Encephalitis continues to be a challenging medical condition due to evasive etiologies, complicated guidelines for medical management for which compliance is suboptimal, and poor prognostic outcomes in the majority of patients [1, 2]. Even in the molecular diagnostic era and with awareness and testing for autoimmune etiologies, a large proportion of cases in adults with encephalitis remain unknown [2, 3]. In adults under the age of 65 years, the majority have unknown etiology making their management even more challenging [2]. Since 2008, five guidelines have been published to improve the diagnosis and management of patients presenting with encephalitis but compliance is suboptimal [1]. Finally, adverse clinical outcomes are seen approximately half of adults with encephalitis with in-hospital mortality rates varying between 5 and 15% [2, 4, 5]. Furthermore, survivors of West Nile virus (WNV), Herpes simplex virus (HSV) or other types of encephalitis can have long-term neurologic sequelae such as seizures, neurocognitive disorders, depression, and motor impairment [4, 5].

Adjunctive steroids have been utilized for the treatment of several causes of meningitis and encephalitis [6]. Even though steroids are associated with a reduction in mortality in adults with meningitis caused by Streptococcus pneumoniae and Mycobacterium tuberculosis [7, 8], they can also be associated with worse outcomes in patients with Listeria monocytogenes and Cryptocococcus neoformans [7, 9, 10]. Adjunctive steroids are indicated in autoimmune encephalitis but data evaluating its effect on outcomes in patients with encephalitis of all causes remain limited.

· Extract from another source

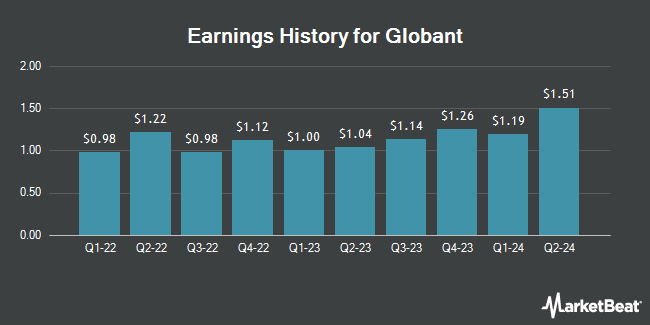 Earnings History for Globant (NYSE:GLOB)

As corticosteroids are often provided to patients prior to the exact etiology of their illness being determined, the objective of our study was to describe the use and potential impact of adjuvant intravenous corticosteroids on adverse clinical outcomes in adults diagnosed with acute encephalitis.

Methods

Ethical consideration

This study was approved by the University of Texas Health Committee for the Protection of Human Subjects, the Memorial Hermann Hospital Research Review Committee, and the Harris Health Research Committee.

Study population

Adults 18–65 years of age were enrolled between August 2008 and September 2017 at two tertiary care hospital systems in Houston, Texas. The study was conducted at 17 hospitals from the Memorial Hermann Health System (15 hospitals) and the Harris Health System (two hospitals). A total of 1241 patients were identified with an International classification of disease (ICD)-9 discharge diagnosis code of encephalitis. We excluded the following patients after reviewing the medical records: did not have encephalitis by the 2013 International Encephalitis Consortium definition (n = 580), healthcare-associated ventriculitis or meningitis (n = 148), community-acquired bacterial meningitis (n = 101), aseptic meningitis (n = 72), fungal meningitis (n = 68), tuberculous meningitis (n = 25), parasitic infection that did not meet the encephalitis definition (n = 3), or had incomplete medical records (n = 14). A total of 230 adults with encephalitis were included.

Case definition

We used the 2013 International Encephalitis Consortium definition of encephalitis, which includes the presence of one major criterion (presentation of altered mental status without alternative cause lasting more than 24 h), and the addition of at least two minor criteria (fever 72 h before or after the presentation; new-onset seizures; new-onset focal neurologic findings; white blood cell count > 5mm3 in the cerebrospinal fluid (CSF); neuroimaging findings consistent with encephalitis; or abnormal electroencephalogram (EEG) demonstrating changes consistent with encephalitis) [11]. An adverse clinical outcome (ACO) was assessed at the time of death or discharge and defined as a Glasgow Outcome Scale (GOS) 1–4 [11].

Statistical analysis

Data extraction from the medical record was performed with a standardized form. Extracted data included information on demographics, clinical presentation, diagnostic testing, and treatment.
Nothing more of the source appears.